Primarily an allegorical and figurative composition muralist and portrait painter, his creative strokes adorn the ceilings and walls of numerous US National Historic Landmark buildings.
He was born in Council Bluffs, Iowa, to German emigrant meat market owners, and remained until the age of 12, when in May 1900, his parents decided to send him to Hamburg, Germany, to study art.
At the age of 19, on a late summer family vacation to Salt Lake City, Utah, Grell took over a failed mural commission depicting the 1847 entry of the Mormons into Emigration Canon.
The mural was commissioned for the Manufacturers Hall exhibit in downtown Salt Lake City under preparations for the Utah State Fair of 1907.
[4] Grell won top prize at the fair and earned numerous other commissions while in Salt Lake City from August to November.
[5] Upon completion of his extended stay in the US, Grell returned to Germany, this time enrolling in the Royal Academy of Fine Arts in March 1908 where he remained until 1910.

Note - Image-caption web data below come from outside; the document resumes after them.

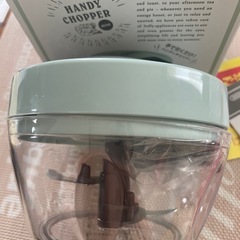 TOFFY トフィー ハンディチョッパーミニの画像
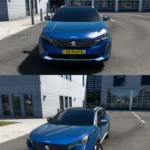 Peugeot 3008 2021 1.48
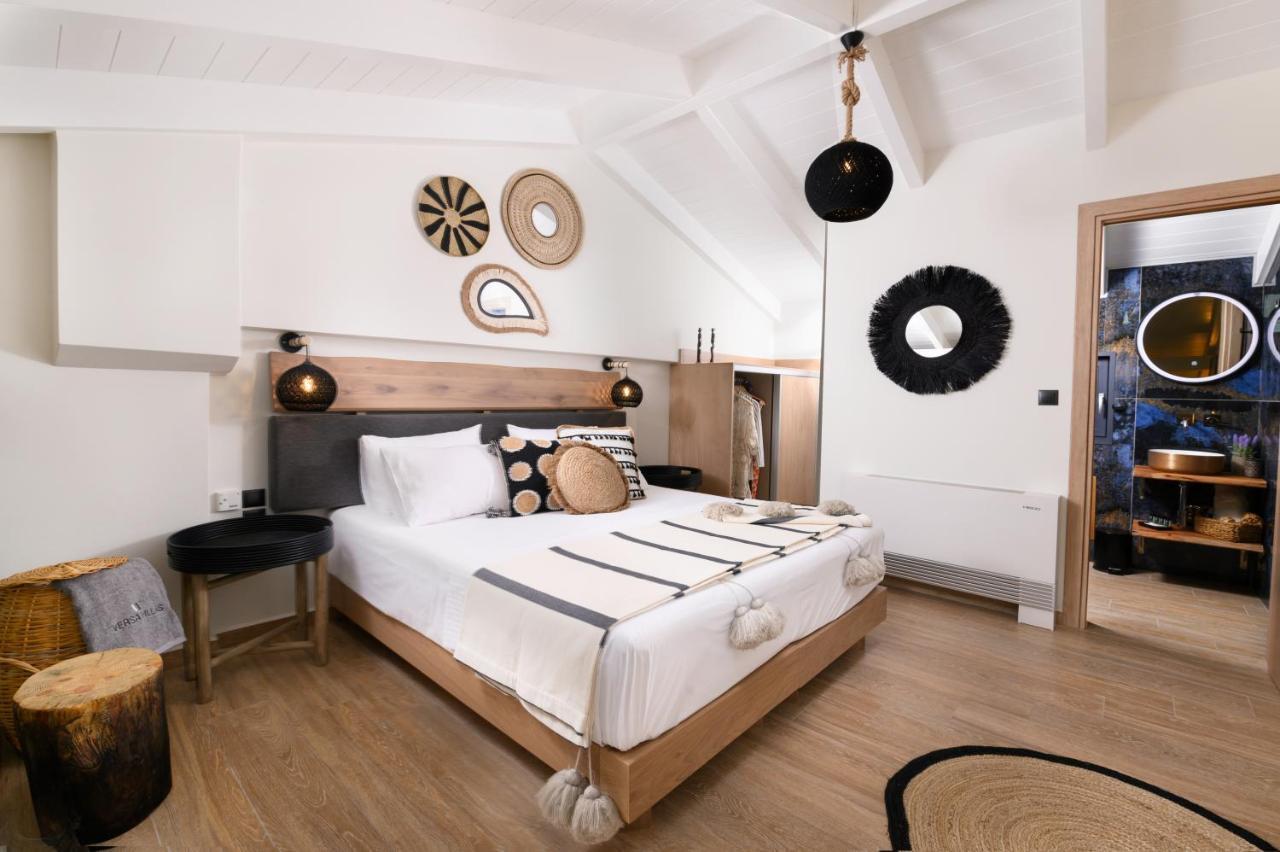 Versa Villas Preveza Esterno foto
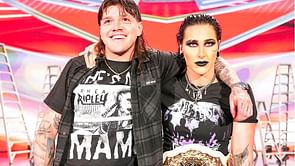 "I guess we'll see how long it lasts" - WWE star confused by Rhea Ripley's relationship with Dominik Mysterio
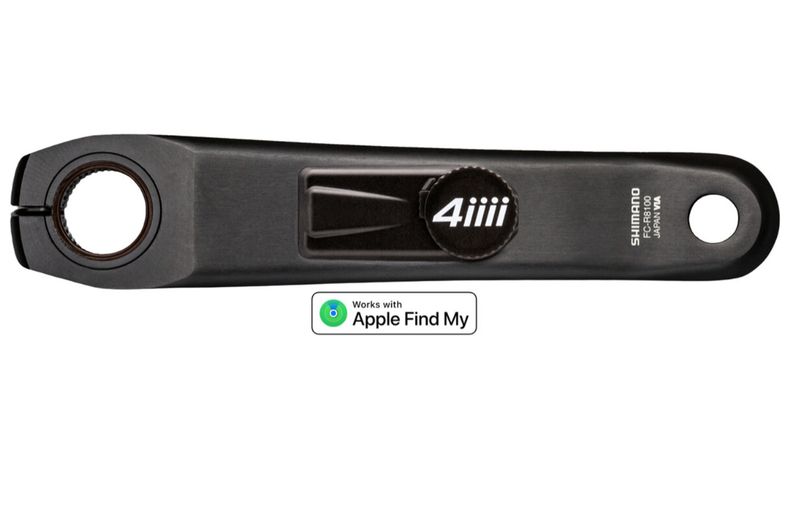 4iiii Power Meter 8100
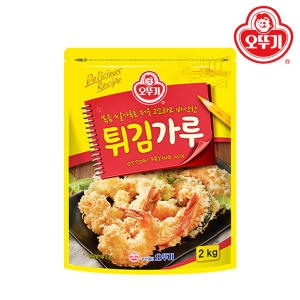 오뚜기 튀김가루 2kg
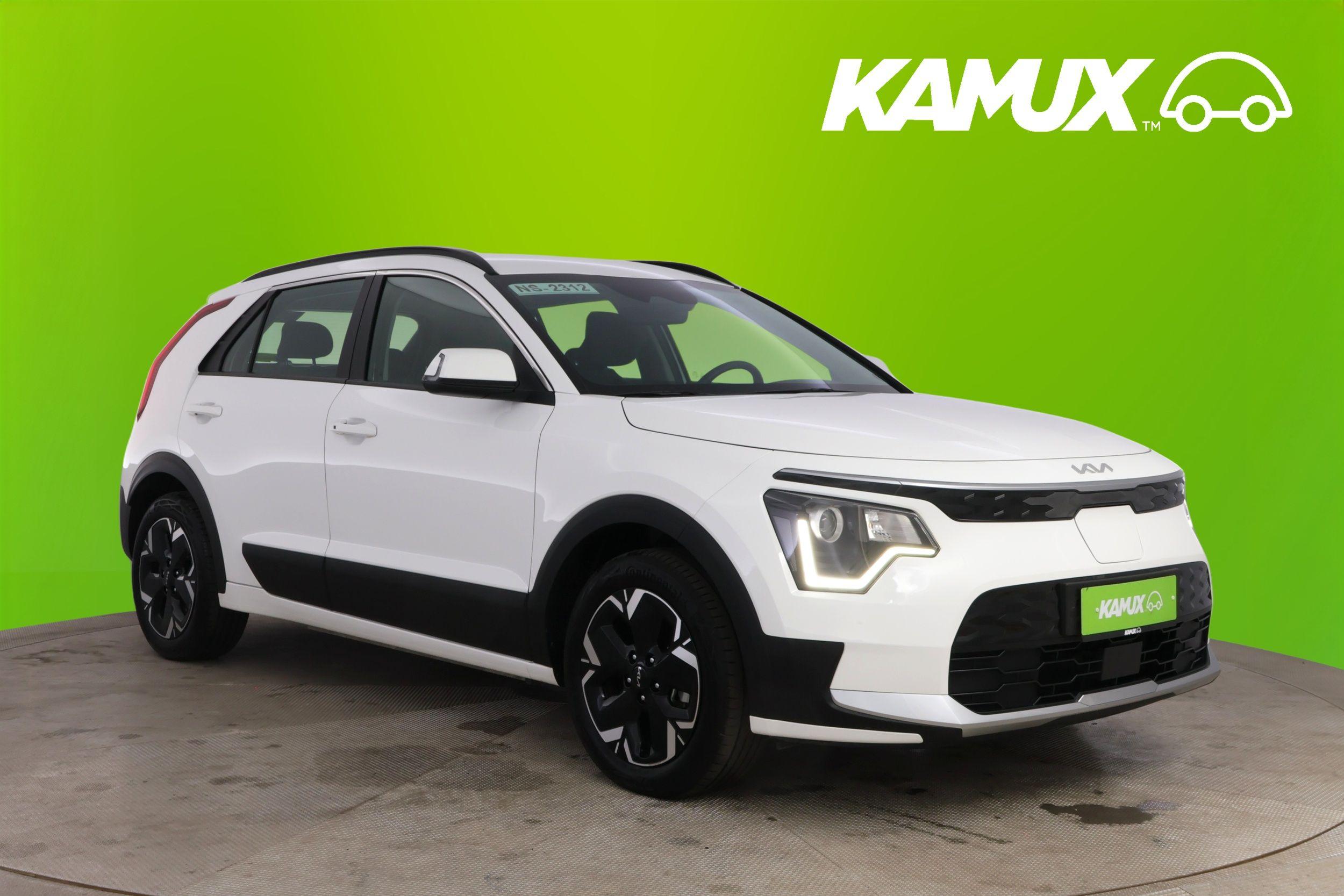Kia e-Niro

When America's involvement in World War I became certain, Grell was forced to escape Europe in 1914 through Norway and landed his first American artistic position as a stage set designer for large Broadway productions in New York City in 1915.
Close friends included Tarzan illustrator J. Allen St. John; Taos Society of Artists early members E. Martin Hennings (Best man in Grell's April 1, 1922 wedding at Tree Studios), Walter Ufer and Victor Higgins; sculptors John Storrs and Albin Polasek; painters Carl Hoeckner, John and Anna Stacey, Julius Moessel, Macena Barton, impressionist Pauline Palmer, Diana Barrymore and husband, Olympian and Tarzan actor Johnny Weissmuller; vaudeville actors Jean and Inez Bregant of Council Bluffs, Iowa and many others.
[11] Grell died of a heart ailment while working on numerous mural projects and easel paintings at Tree Studios in Chicago on November 21, 1960.